In this week ETFs purchased was from fixed income for the actively managed

portfolio with a target at 15%. Those two ETFs are FXO and BIZD where we

analyzed and monitor fixed income securities and portfolios. Under the active and

passive portfolios, they all had gains which was great.

The fixed income portfolios usually consist of investment securities that pay a

fixed interest until the maturity date. They also work closely with client portfolio

managers to understand restrictions and unique goals

The insights of this week was that both the passive and actively passive portfolios

had good gains and returns.


Week 4 Trades

There was no buying or selling of stock in this week because we had to monitored,

rebalance, turnover portfolios that was bought purchased. This was the final week

to purchase stock for the actively managed portfolios and stocks of your own

choice.

In the actively managed portfolio most of the stocks were gains and 3 ETFs had

losses. Those ETFs were AVUS, BIZD and FXO that declined in purchase price.

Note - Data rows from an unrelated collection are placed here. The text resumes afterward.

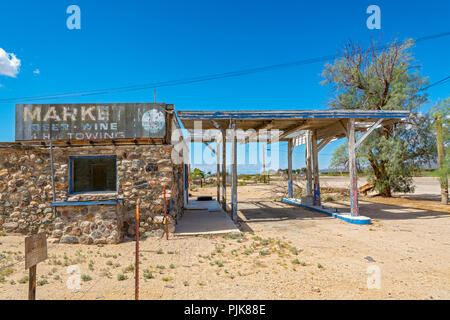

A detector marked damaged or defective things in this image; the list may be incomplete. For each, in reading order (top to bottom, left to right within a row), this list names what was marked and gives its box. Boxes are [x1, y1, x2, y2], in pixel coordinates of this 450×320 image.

broken window [70, 155, 116, 192] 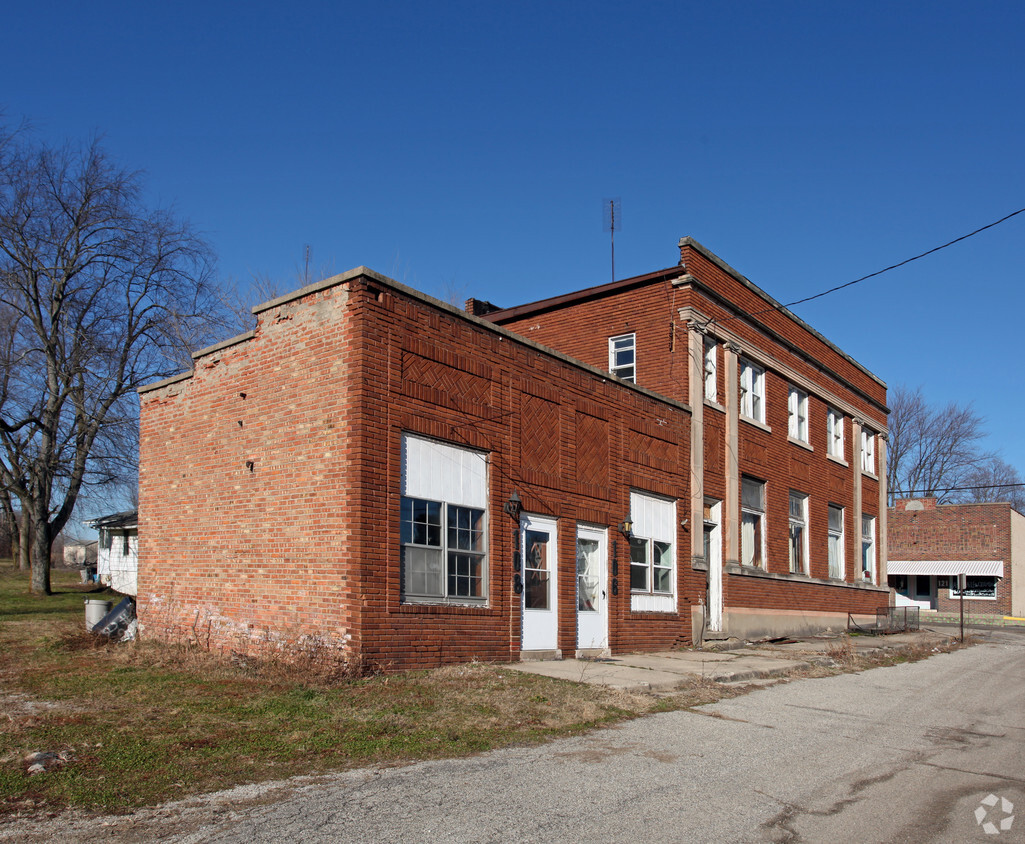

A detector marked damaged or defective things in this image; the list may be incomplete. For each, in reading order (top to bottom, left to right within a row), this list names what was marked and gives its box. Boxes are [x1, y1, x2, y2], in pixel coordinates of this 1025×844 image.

cracked asphalt road [8, 628, 1024, 840] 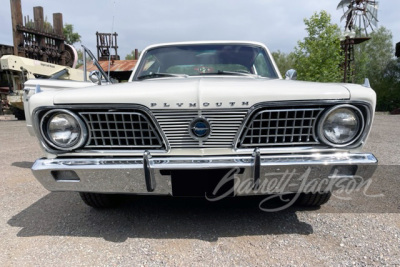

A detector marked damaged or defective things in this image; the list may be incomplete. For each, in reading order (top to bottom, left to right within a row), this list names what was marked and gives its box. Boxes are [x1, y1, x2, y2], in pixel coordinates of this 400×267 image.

rusty metal structure [9, 0, 76, 67]
rusty metal structure [97, 31, 120, 60]
rusty metal structure [338, 0, 378, 82] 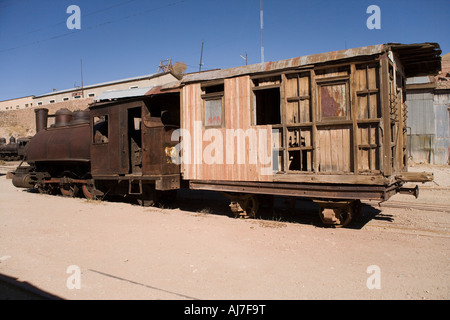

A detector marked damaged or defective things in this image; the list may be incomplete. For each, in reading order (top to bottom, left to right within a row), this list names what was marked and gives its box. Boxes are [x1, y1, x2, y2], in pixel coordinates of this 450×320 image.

rusted corrugated metal roof [181, 43, 442, 84] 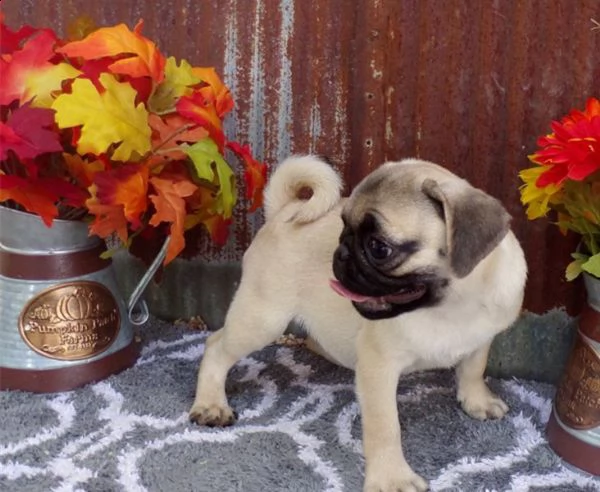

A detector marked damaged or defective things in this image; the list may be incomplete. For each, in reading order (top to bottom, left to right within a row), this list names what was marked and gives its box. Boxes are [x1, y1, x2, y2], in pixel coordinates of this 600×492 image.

rusty metal wall [2, 0, 596, 314]
rust stain [2, 0, 596, 314] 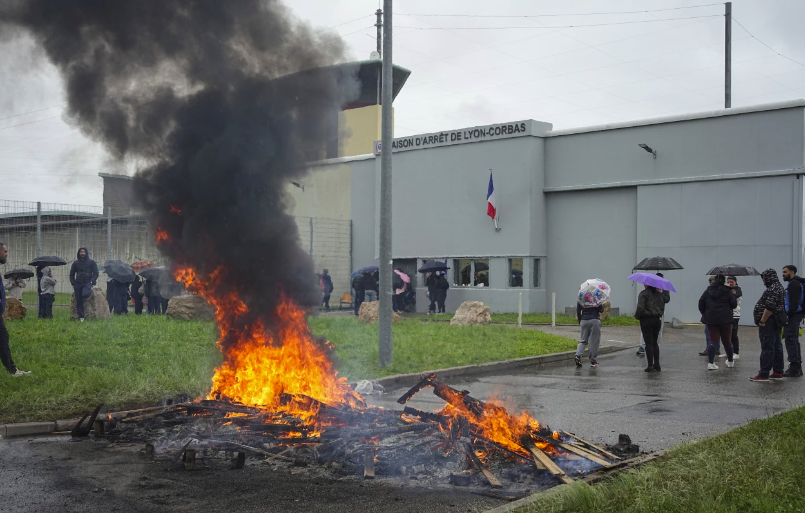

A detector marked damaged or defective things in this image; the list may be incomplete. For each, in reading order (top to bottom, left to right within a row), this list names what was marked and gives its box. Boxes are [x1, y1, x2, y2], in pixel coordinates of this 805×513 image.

charred wood plank [394, 372, 434, 404] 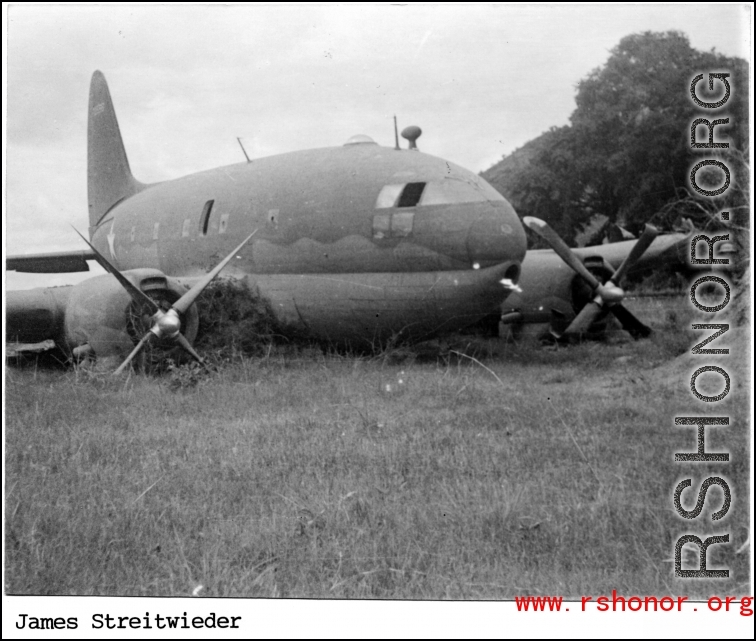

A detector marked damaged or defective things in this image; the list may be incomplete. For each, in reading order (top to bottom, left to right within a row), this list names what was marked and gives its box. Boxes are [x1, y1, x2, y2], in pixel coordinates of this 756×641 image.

damaged propeller [74, 228, 256, 372]
damaged propeller [524, 216, 660, 340] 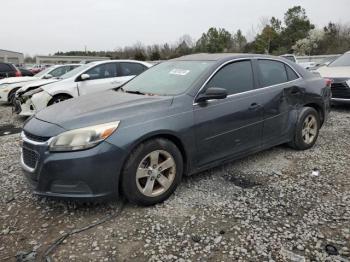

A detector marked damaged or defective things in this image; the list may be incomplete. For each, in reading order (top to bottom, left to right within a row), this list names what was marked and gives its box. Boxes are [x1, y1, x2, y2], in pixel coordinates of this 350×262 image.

damaged front bumper [14, 92, 52, 116] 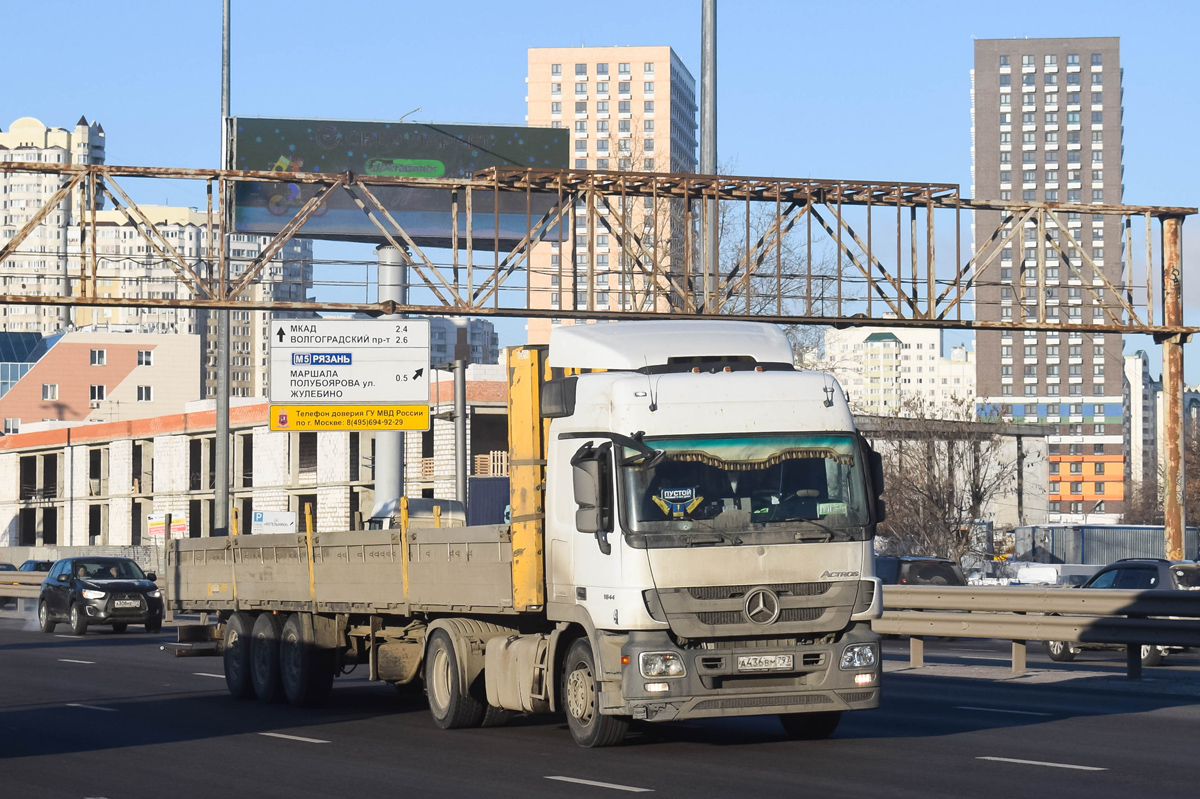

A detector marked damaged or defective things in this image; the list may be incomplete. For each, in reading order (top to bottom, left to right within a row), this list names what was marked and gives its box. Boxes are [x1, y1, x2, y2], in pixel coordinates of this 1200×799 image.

rusty metal gantry [0, 162, 1192, 548] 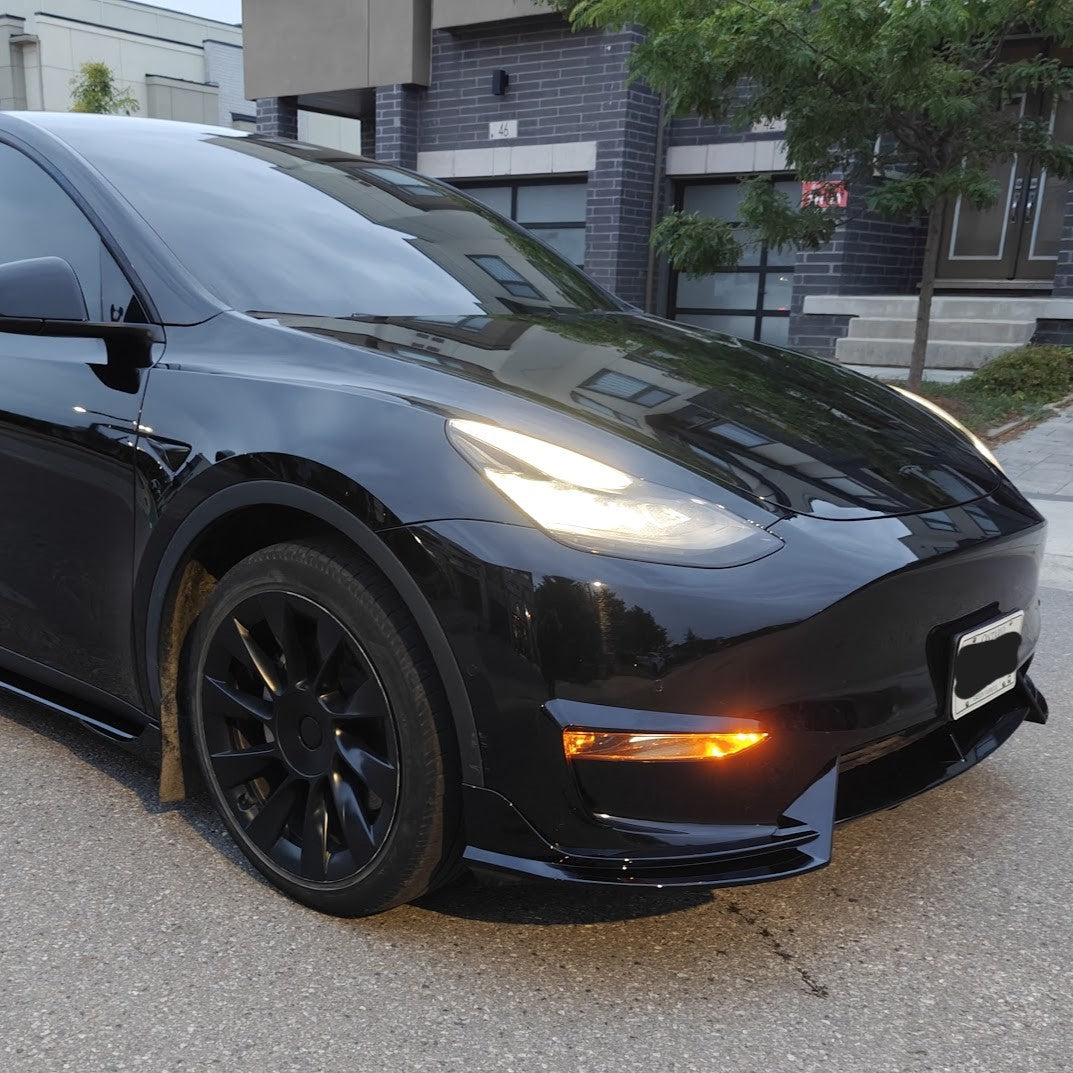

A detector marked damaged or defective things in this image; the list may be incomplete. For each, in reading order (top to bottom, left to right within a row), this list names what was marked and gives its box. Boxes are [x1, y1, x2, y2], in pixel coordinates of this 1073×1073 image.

pavement crack [725, 897, 832, 995] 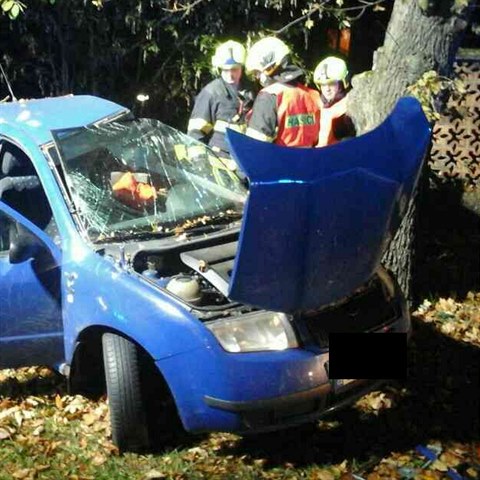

Meanwhile, the passive portfolio fluctuated between the different asset classes and

only had four gained returns.

Week 5 Trades

There was no trading done in this week, so I watched the portfolios rise and fall

and by week end they only had gains.


Week 6 Trades

Three individual stocks were to be bought after selling the appropriate ETFs and in

and out of the money calls were to be purchased for each. This week great insight

was gained.

A call option gives the holder the right to buy a variety of shares of a company

such that if a stock is trading at $11.50 a share, then the $14 strike price call option

is currently "out-of-the-money."

However out-of-the-money options are less expensive than in-the-money options.

This is simply a function of the fact that there is a lower probability that the stock

will exceed the strike price for the option. However, for the same reason, out-of-

the-money options for a nearer month will cost less than options for a further-out

month
Week 7 Trades

This week some more stocks of choice was purchased, where it came to a

realization that the stocks target was 25% and a protective put. Those ETFs

purchased was FLLA, FJLP and FLN.

The most important insight gained this week was the protective put technique and

covered call technique. A protective put technique allows investors to guard

against the loss of unrealized gains. The put option acts like an insurance policy,

and it costs money, which reduces the investor's potential gains from owning the

security, but it also reduces the risk of losing money if the security declines in

value. For example, if an investor purchased a stock for $15 that is now worth $23

but he did not sell it, he has unrealized gains of $8. If he doesn't want to sell the

stock yet but he wants to make sure he does not lose the $8 in unrealized gains, he

can purchase it for that same stock that will protect him for as long as the option

contract is in force. If the stock continues to increase in price the investor can

benefit from the increase. If the stock declines the investor is able to limit his

losses because of the protective put.


In conclusion, this week was spent understanding more about the insights of the

actively managed portfolios and their targets.

Week 8 Trades

This is the final week of trades which consisted of the closing off of all short

positions and rebalancing the portfolio within the asset allocation guidelines.

The most important insight of this week is that the positions can be closed for a

number of reasons in order to take profits or stem losses, generate cash, reduce

exposure and so forth. Closing off short positions would involve purchasing it

back. The difference between the price at which the position was opened,

represents the gross profit of loss on that position.

At the end of the week both portfolios would have produced positive returns.